(Your goal):
Lines to restate from the data below: from the one containing "A close-up lifestyle" to the one containing "red, one person, women, heart", both included. Give them again exactly, and only them.

(Extracted records):
——————————

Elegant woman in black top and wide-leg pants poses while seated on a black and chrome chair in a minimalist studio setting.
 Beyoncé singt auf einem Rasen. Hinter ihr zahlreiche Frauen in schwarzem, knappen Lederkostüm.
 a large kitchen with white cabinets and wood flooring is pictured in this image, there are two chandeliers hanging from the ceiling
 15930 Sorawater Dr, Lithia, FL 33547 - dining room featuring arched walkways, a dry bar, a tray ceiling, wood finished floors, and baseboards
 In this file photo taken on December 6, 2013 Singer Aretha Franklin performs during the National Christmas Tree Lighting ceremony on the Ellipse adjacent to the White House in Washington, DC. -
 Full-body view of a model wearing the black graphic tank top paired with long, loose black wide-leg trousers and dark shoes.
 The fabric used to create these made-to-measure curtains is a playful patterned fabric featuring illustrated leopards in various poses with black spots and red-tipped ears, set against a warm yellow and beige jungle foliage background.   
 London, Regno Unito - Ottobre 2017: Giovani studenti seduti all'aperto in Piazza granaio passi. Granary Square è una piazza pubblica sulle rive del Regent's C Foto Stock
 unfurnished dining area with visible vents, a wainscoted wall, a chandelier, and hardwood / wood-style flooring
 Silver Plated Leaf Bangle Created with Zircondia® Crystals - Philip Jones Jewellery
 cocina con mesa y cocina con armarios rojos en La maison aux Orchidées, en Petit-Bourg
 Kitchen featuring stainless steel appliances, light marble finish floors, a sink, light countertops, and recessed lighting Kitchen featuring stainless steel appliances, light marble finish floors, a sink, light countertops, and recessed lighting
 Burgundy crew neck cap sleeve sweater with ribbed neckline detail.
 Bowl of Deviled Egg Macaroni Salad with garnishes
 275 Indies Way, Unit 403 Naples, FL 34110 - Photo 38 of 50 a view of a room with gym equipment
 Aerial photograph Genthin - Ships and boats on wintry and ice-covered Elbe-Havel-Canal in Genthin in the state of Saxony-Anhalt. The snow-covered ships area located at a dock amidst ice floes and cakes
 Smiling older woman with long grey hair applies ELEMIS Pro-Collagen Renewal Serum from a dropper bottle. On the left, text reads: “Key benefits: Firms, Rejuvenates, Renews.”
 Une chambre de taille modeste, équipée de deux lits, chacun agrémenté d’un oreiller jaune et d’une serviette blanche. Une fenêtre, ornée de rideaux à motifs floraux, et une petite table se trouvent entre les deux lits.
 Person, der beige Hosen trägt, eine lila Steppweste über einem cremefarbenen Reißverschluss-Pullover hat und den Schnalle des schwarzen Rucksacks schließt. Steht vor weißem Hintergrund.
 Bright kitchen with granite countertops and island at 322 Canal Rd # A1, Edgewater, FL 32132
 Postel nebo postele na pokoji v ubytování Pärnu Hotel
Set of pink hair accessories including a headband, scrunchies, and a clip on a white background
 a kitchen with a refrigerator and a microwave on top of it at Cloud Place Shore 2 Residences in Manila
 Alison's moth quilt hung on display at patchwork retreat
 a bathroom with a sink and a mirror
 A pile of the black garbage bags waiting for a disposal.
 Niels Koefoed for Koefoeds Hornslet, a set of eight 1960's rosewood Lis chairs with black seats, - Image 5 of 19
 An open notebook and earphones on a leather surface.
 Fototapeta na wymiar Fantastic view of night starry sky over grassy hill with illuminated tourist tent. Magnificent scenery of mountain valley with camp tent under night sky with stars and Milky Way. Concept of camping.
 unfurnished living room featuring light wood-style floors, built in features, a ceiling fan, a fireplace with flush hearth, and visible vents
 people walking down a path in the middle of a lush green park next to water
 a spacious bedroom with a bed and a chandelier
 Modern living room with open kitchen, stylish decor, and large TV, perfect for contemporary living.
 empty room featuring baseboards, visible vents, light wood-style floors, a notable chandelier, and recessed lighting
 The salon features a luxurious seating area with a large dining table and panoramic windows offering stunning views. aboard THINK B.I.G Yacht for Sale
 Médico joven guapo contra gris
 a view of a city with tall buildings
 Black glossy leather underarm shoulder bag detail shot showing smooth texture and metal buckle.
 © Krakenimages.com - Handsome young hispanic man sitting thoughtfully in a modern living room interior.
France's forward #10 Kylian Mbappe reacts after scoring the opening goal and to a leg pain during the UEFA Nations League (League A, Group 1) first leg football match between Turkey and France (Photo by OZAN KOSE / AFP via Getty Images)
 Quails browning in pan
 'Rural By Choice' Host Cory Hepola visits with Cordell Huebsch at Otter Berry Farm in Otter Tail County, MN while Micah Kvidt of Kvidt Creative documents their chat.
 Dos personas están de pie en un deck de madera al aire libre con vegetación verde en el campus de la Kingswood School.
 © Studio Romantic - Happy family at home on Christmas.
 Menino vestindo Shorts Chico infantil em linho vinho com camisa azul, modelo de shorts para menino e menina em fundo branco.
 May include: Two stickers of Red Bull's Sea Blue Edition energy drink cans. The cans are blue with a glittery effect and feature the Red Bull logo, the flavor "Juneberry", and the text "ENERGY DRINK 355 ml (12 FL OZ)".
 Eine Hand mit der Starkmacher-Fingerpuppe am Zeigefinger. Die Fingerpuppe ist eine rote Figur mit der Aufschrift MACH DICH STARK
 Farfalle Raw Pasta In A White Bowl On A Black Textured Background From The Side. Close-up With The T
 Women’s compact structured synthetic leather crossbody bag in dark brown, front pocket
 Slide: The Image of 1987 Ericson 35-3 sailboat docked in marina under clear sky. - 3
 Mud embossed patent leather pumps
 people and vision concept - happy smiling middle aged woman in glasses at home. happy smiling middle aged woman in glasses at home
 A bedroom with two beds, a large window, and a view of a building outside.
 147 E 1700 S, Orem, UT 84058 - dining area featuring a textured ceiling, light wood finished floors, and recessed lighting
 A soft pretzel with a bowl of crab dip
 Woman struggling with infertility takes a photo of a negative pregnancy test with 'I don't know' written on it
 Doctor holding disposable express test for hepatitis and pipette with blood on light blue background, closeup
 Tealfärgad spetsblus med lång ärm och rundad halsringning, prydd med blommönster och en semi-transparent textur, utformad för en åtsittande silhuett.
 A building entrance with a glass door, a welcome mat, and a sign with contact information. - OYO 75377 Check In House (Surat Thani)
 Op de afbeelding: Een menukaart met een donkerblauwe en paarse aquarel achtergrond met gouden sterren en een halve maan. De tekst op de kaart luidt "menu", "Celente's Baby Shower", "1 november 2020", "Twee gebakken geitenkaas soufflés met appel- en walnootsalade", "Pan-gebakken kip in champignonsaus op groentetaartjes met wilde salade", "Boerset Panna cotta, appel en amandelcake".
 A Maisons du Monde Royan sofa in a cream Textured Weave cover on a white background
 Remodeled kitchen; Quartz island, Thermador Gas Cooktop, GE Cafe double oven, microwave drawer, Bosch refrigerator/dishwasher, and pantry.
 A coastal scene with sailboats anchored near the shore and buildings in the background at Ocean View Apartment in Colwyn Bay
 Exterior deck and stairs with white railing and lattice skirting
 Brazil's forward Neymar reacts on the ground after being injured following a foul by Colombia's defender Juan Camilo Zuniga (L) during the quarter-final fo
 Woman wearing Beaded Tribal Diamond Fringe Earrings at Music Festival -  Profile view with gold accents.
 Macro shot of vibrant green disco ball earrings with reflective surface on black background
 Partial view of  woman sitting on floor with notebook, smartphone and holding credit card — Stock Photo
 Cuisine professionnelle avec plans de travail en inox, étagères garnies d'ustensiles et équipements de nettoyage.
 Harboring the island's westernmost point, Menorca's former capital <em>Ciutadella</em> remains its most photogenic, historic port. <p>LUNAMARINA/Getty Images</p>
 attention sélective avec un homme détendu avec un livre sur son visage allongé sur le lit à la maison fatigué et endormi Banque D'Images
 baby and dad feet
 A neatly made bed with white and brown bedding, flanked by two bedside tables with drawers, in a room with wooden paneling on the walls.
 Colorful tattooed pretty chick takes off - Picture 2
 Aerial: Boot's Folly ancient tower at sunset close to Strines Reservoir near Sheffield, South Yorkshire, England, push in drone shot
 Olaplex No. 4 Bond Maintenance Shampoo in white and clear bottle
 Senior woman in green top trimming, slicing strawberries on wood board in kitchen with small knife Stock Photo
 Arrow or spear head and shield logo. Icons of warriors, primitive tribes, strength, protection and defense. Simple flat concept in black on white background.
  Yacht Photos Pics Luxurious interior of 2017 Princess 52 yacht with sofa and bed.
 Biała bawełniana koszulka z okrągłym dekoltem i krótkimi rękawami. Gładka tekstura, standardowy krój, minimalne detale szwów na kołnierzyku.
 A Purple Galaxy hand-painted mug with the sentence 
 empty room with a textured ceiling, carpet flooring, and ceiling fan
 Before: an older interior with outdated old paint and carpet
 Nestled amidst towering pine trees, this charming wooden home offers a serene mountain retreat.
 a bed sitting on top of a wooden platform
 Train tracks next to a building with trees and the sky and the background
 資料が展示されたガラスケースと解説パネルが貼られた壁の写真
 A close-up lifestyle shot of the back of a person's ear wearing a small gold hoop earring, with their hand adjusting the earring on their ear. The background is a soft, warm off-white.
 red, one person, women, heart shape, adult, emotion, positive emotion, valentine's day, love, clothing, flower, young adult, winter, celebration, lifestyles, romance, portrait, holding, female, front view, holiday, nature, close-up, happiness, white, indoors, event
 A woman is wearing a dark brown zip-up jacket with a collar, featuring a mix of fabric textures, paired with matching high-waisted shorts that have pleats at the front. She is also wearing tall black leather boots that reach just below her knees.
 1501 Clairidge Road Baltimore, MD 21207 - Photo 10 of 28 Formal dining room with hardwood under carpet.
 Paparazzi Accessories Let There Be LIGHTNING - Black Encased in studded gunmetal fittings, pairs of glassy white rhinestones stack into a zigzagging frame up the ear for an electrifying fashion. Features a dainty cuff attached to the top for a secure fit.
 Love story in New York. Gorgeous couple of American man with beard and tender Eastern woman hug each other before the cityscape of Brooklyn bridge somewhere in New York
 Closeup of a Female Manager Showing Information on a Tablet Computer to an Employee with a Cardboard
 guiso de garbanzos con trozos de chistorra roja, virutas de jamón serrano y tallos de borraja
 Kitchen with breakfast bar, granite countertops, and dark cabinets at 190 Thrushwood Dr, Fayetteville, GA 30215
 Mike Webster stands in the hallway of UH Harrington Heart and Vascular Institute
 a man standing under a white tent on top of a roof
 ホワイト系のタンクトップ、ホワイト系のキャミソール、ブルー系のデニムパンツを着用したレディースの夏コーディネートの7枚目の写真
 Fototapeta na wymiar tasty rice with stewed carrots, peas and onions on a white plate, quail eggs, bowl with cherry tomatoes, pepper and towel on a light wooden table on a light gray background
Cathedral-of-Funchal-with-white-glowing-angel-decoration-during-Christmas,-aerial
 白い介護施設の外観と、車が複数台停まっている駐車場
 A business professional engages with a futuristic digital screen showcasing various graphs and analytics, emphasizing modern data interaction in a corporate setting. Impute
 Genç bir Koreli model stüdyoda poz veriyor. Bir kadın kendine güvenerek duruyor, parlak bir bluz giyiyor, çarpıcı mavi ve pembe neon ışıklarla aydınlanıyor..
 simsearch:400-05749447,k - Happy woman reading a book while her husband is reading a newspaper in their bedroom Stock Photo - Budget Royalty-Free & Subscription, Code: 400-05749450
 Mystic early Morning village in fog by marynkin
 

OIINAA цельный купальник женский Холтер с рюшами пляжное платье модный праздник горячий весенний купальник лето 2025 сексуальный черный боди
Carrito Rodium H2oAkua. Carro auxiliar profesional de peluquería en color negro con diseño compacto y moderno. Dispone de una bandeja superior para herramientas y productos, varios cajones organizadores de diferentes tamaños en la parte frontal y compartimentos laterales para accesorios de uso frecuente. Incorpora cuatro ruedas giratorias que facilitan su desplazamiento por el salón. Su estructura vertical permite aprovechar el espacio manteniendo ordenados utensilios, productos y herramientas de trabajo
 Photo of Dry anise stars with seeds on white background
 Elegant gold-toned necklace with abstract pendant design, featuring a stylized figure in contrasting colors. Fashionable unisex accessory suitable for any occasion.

——————————

(Answer for the task):
 A close-up lifestyle shot of the back of a person's ear wearing a small gold hoop earring, with their hand adjusting the earring on their ear. The background is a soft, warm off-white.
 red, one person, women, heart shape, adult, emotion, positive emotion, valentine's day, love, clothing, flower, young adult, winter, celebration, lifestyles, romance, portrait, holding, female, front view, holiday, nature, close-up, happiness, white, indoors, event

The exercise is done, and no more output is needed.